Not to sound like a broken record but i had a 10% stout that wouldn't carb up as well. I had it at 25 psi for just shy of a week and then 15 psi for about a week. Bottled it up and realized it has barely any carbonation to it after the fact.

I chalked it up to a faulty keg originally but now not so sure...
 
I wrote about a similar issue force carbing a big stout with lots of adjuncts (coffee, oatmeal, chocolate). I had it on 35 psi for 5 days at 32 degrees with almost no carbonation. This has happened to me more than once, but only on this big stout. Normal beers show normal carbonation in 2.5 days.

I’m wondering if the adjuncts make a barrier between gas and liquid that makes The diffusion of gas tougher.

Yeah, my theory was that the cocoa nibs added an oil that sat on the surface and prevented the CO2 from getting into solution. The other possibility was the relatively high final gravity (1.034). It's a pretty viscous beer...that might affect the ability for it to take CO2 into solution.
 
Did any of you force carb with an airstone? Just wondering if the tiny surface area:volume ratio that a keg offers is the bottleneck??

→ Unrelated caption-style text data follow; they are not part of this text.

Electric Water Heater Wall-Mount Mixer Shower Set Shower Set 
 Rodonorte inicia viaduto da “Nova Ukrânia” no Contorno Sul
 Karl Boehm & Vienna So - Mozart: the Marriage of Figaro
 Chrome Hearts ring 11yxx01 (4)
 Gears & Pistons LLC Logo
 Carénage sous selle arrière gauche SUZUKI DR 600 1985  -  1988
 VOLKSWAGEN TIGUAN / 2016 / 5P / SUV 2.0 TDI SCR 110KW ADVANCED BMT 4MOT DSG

I did not. However, I used a similar process (burst carb) as what I use with my IPAs and other "normal gravity" beers. The only difference is that I used the high burst pressure for longer (2 vs 4 days) and left the stout on higher pressure for much longer (12 vs 15 psi and a week vs 2 months). The stout should have been over-carbed. My IPAs would be a foamy mess if I did to them what I did to the stout.

One other difference: I keg my IPAs in a sankey and the stout in a corny.
 
No, co2 in keg is what carbs beer. I was just asking if it helps to maybe compensate by over carbonating in the keg so it will balance out in the bottle. I wasn’t sure if there was different method on higher abv 10% + beers.